What to do — Start at the line with "3055 Nichols Canyon" in the records below, stop at the line with "Uno Spesso Strato", and return every line in that span exactly, the two end lines included.

(Crawled caption data)
⟨
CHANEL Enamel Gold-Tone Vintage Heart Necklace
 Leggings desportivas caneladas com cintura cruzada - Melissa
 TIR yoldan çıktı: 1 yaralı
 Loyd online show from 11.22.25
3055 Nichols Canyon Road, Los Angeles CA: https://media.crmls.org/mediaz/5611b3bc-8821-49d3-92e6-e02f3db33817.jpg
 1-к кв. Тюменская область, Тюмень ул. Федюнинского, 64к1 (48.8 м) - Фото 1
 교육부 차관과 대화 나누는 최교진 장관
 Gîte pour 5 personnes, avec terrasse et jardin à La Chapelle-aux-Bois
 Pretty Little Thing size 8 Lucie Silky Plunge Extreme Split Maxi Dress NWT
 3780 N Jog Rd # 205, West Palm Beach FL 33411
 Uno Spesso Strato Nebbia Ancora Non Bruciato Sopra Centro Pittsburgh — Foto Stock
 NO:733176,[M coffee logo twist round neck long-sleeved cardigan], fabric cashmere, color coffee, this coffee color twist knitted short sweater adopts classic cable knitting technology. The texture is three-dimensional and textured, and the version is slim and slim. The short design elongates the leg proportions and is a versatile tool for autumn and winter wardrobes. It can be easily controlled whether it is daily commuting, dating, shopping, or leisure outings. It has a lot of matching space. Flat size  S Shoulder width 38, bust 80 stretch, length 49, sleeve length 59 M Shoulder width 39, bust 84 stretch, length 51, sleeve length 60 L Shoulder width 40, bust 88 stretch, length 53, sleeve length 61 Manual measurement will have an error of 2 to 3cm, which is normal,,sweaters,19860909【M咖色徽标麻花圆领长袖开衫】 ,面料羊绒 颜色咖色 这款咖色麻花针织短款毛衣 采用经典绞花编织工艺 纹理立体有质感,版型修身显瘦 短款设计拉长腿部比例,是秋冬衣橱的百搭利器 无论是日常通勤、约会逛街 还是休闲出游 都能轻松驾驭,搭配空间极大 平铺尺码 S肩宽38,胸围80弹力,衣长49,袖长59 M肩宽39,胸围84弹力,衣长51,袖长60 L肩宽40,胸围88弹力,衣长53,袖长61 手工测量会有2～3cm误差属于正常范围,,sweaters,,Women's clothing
⟩
Task answer —
3055 Nichols Canyon Road, Los Angeles CA: https://media.crmls.org/mediaz/5611b3bc-8821-49d3-92e6-e02f3db33817.jpg
 1-к кв. Тюменская область, Тюмень ул. Федюнинского, 64к1 (48.8 м) - Фото 1
 교육부 차관과 대화 나누는 최교진 장관
 Gîte pour 5 personnes, avec terrasse et jardin à La Chapelle-aux-Bois
 Pretty Little Thing size 8 Lucie Silky Plunge Extreme Split Maxi Dress NWT
 3780 N Jog Rd # 205, West Palm Beach FL 33411
 Uno Spesso Strato Nebbia Ancora Non Bruciato Sopra Centro Pittsburgh — Foto Stock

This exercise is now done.